With new companies and new investors being attracted into Orlando, what trends are you seeing in corporate formation, merger, and acquisition activity?
While I am not a corporate lawyer myself, what I observe from colleagues is increased activity driven by organizations that want a Florida presence and recognize the strength of the local economy. In many sectors, there are established businesses with strong reputations and relationships, and those can create meaningful barriers to entry for companies trying to build from scratch.
As a result, we are seeing more interest in acquisitions, mergers, and strategic partnerships where larger organizations align with well-established local or regional businesses. That approach can provide a faster path into the market and a more immediate operating platform, while giving existing businesses access to scale, capital, or broader networks when the fit is right.
How has land use demand evolved as zoning, environmental considerations, and governmental regulations continue to shift?
Central Florida is balancing continued growth with a changing economic profile.
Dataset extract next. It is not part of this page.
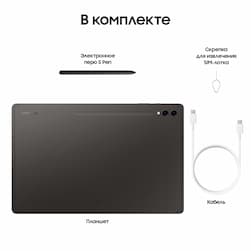 Планшет 14.6″ Samsung Galaxy Tab S9 Ultra 5G 1024Gb, графитовый (РСТ)— фото №8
The region has long been anchored by tourism, but it is increasingly diversified, including technology growth connected to institutions like UCF and the Central Florida Research Park, alongside an expanding tourism corridor.
That growth is putting pressure on infrastructure, and two issues rise consistently to the top: housing affordability and transportation. Demand for housing continues to climb, but supply is not expanding at the same pace, and that mismatch drives higher prices and strains affordability. Transportation challenges compound the problem as growth increases congestion and raises the stakes for long-term planning.
From my perspective, government has not fully caught up to the pace of need. There can still be resistance to approving the volume and variety of housing and broader infrastructure required to match the region’s trajectory. Local leadership has been focused on these issues, and they will remain central priorities for the next generation of leaders. With leadership transitions on the horizon in both Orange County and the City of Orlando, the next set of elected officials will inherit the same core question: how to keep approving smart growth quickly enough to meet demand, without compromising quality of life or long-term resilience.
How does being invested in the community shape the way you approach the work you do in Orlando?
Many of us are not just advising clients in a community, we live here. I moved to Orlando when I was 7, returned after school, and plan to be here for a long time. That perspective affects how I approach the work I do locally.
When you are part of the community, you want to look back years from now and be proud of the role you played in a development, a land use project, or a business transaction that shaped the region in a constructive way. When practitioners are invested in where they live, you can do good and do well at the same time, and that is when communities thrive and become places where people and businesses want to be.